Migrations : comment lutter contre un fantasme ?

15 janvier 2024

Migrations : comment lutter contre un fantasme ?

Projet de loi immigration : la spirale irrationnelle anti-réfugiés sape les droits humains qui font la base de notre société.

La nature même du projet de loi immigration porté par Gérald Darmanin et Emmanuel Macron nous confirme qu’un piège mortifère se referme sur une partie de la classe politique française, à droite et jusqu’au centre. Ce piège est électoral : il consiste à courir après une extrême droite qui, sondage après sondage, se rapproche toujours plus du pouvoir. Il est aussi moral et culturel : il légitime une logique de martyrisation des étrangers qui sape les droits humains au fondement de notre démocratie. 

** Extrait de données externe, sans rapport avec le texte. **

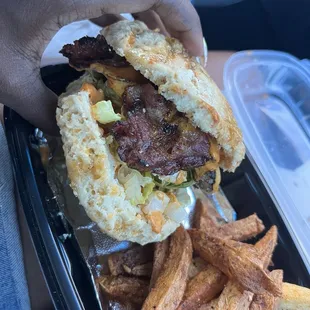 Cheese burger with beef bacon &amp; fries.
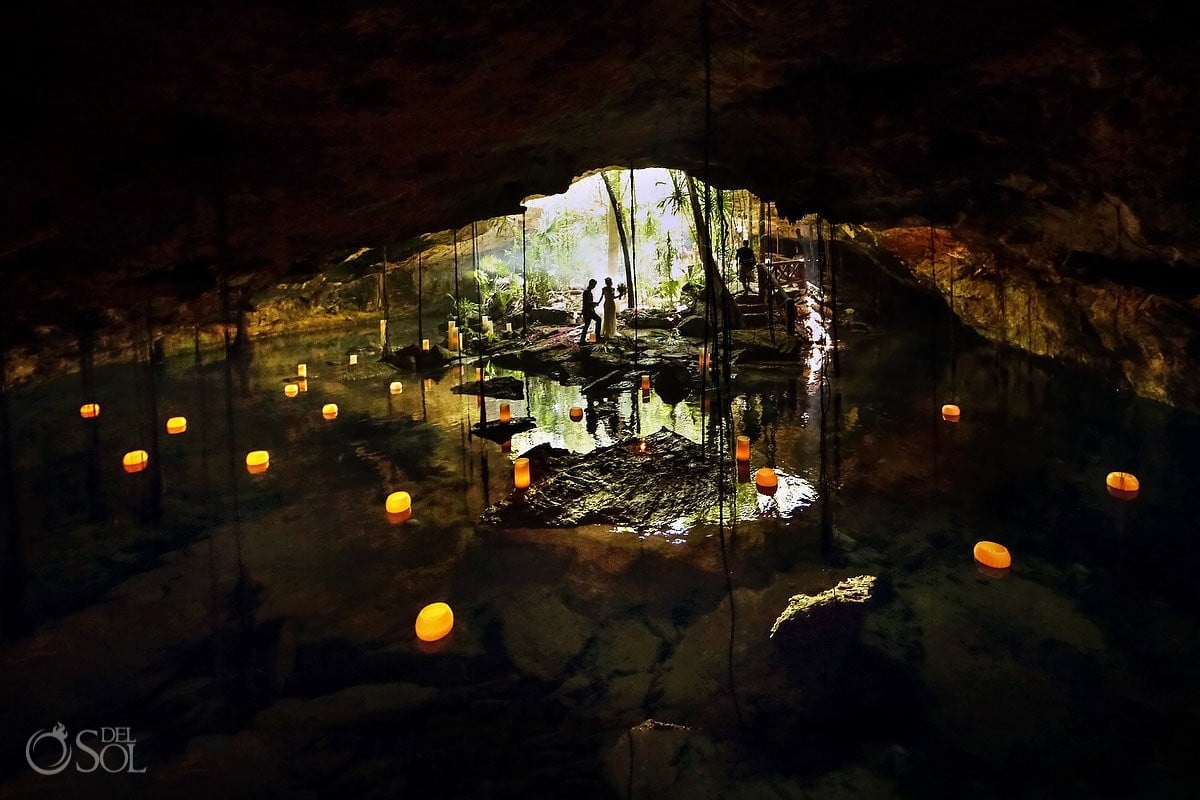 Cenote Weddings By Matt Adcock, micro ceremony bride and groom and Mayan shaman, with floating candle decoration with a reflection in the cenote waters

Si l’objectif officiel du gouvernement est de lutter contre les “appels d’air” – autrement dit, de stopper les flux migratoires (comme les 28 lois déjà promulguées depuis 1980) sa méthode consiste à “pourrir” la vie de celles et ceux qui n’appartiennent pas à la nation française. Dans la version la plus dure, élaborée au Sénat, la loi prévoit un florilège de misères consistant à conditionner les prestations sociales pour les étrangers réguliers, à remettre en question le droit du sol, à instaurer un délit de séjour irrégulier, à limiter le droit d’hébergement d’urgence, à durcir le droit au regroupement familial, ou à refuser de donner des papiers à des personnes travaillant depuis des années en France. La droite et le gouvernement seraient donc prêts à ne plus soigner des malades, à séparer des familles, à maintenir des travailleurs indispensables dans la clandestinité. Ils seraient prêts à inscrire l’inhumanité dans la loi. 

Cette violence légale, censée dissuader les migrants d’arriver sur notre sol est absurde tout autant qu’ignoble. Elle repose sur le fantasme d’un afflux migratoire massif qui ne repose sur aucune réalité observable. Ce que nous disent les chiffres de l’INSEE, c’est que le solde migratoire (entrées moins sorties) de migrants en France se situe autour de 200 000 personnes depuis les années 2000, soit moins de 0,5 % de la population – dans la moyenne européenne. La plupart des arrivées sont liées aux mariages mixtes, à l’installation d’étudiants, au regroupement familial. Une minorité – 40 000 personnes – des arrivants sont des réfugiés, ce qui classe la France parmi les pays peu accueillants au sein de l’Union Européenne. Quant à l’immigration irrégulière, son poids est tout simplement dérisoire : 150 000 personnes par an en Europe, soit 0,03 % de la population de l’Union.

Flux migratoires des immigrés en France

Illustration 1
flux migratoire © INSEE

L’analyse des chiffres et des faits révèle que l’afflux massif de migrants relève du fantasme, du mensonge fabriqué de toutes pièces. Les scientifiques ont beau dénoncer une manipulation coupable, rien n’y fait : nombre de français et d’européens semblent gagnés par un délire collectif dont la montée des idées d’extrême droite est le symptôme le plus flagrant. Cette folie a une longue histoire et les boucs émissaires sont vieux comme le monde. Rappelons simplement que les théories concernant les juifs avant la seconde guerre mondiale avaient convaincu des pans entiers de la société européenne et pas simplement des minorités extrémistes. 

Dans Le Creuset français, l’historien Gérard Noiriel montre que les grands moments de rejet des étrangers ont eu lieu lors des ralentissements économiques et des transformations sociales majeures : dans les années 1880, 1930 et 1980. La crise de 2008 et l’austérité imposée aux peuples d’Europe sont concomitants du décollage des extrêmes droites sur notre continent. Les racines du mal-être sont sans doute à chercher du côté des inégalités qui se creusent sous l’effet des politiques libérales dominantes depuis les années 70. Pourtant, ce sont les étrangers que l’on désigne comme coupables et que l’on cherche à punir. 

Face à cette panique identitaire, notre rôle est de rappeler les faits et les chiffres, de démontrer l’absurdité des postures démagogiques. Notre rôle est de proposer une gestion des migrations rationnelle et responsable à l’échelle européenne, un accueil digne de ce nom. Pourtant, je crains que tout cela ne suffise pas. Lutter contre une obsession maladive ne peut se faire avec les seules armes de la raison. Pour dépasser une passion négative fondée sur la peur, il est besoin d’une autre passion, plus puissante. Face à une France aigrie qui se recroqueville sur elle-même, nous avons besoin d’un horizon porteur de sens et d’espoir. Nous avons besoin d’un projet de justice, de progrès, de paix. Bâtir ce projet est la haute mission qui nous incombe.